## [Dataset entries]
..........

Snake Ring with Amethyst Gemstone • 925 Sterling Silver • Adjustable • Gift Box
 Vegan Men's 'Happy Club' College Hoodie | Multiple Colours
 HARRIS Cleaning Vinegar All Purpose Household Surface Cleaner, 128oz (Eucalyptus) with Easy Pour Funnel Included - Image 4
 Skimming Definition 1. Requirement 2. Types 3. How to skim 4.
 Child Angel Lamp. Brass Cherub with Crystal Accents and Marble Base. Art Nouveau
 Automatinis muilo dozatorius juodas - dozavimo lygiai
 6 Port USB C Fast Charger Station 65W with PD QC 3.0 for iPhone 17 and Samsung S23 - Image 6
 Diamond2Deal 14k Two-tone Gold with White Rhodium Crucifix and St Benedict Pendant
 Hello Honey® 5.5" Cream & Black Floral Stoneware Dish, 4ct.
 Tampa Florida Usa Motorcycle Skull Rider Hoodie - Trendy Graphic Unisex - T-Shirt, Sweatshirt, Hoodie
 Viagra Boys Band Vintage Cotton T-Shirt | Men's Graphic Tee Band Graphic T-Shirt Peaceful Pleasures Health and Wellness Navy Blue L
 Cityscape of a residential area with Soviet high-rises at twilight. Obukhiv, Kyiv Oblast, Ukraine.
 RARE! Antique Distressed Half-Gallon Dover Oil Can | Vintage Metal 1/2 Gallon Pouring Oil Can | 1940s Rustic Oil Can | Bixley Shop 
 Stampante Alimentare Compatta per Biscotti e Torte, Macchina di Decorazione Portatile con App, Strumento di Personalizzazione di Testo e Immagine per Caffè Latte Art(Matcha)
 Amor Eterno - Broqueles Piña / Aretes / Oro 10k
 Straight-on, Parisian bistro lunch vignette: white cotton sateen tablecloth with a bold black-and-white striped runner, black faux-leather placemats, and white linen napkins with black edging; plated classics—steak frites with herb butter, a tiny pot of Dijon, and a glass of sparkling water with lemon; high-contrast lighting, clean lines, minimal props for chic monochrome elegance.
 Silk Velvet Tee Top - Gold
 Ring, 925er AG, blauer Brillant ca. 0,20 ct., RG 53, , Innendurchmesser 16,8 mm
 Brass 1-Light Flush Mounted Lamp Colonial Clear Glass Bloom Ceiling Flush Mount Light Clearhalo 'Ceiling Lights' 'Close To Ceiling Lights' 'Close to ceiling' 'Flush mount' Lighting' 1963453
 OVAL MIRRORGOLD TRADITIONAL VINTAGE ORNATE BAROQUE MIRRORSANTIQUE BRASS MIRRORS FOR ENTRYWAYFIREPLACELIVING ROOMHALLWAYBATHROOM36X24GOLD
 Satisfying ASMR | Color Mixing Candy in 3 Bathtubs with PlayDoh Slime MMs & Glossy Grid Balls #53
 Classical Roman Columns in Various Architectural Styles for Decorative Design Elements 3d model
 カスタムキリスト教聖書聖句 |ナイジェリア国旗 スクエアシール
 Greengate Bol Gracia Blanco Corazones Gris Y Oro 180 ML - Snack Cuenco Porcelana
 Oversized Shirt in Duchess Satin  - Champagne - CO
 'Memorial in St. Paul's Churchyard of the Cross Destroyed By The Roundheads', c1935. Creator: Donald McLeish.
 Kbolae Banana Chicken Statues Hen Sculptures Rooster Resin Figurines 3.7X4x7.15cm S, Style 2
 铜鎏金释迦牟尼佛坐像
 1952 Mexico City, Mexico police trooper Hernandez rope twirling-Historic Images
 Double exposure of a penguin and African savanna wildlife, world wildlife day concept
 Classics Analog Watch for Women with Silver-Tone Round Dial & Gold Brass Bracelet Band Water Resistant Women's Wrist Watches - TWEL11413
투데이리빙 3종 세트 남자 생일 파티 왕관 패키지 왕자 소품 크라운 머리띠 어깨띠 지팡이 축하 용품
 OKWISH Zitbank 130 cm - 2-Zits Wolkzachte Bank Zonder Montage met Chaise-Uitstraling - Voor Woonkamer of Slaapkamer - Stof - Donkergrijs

..........

## [PROMPT]
In the entries above, find each line with the string "Hoodie" and copy it.

## [WRITTEN SOLUTION]
 Vegan Men's 'Happy Club' College Hoodie | Multiple Colours
 Tampa Florida Usa Motorcycle Skull Rider Hoodie - Trendy Graphic Unisex - T-Shirt, Sweatshirt, Hoodie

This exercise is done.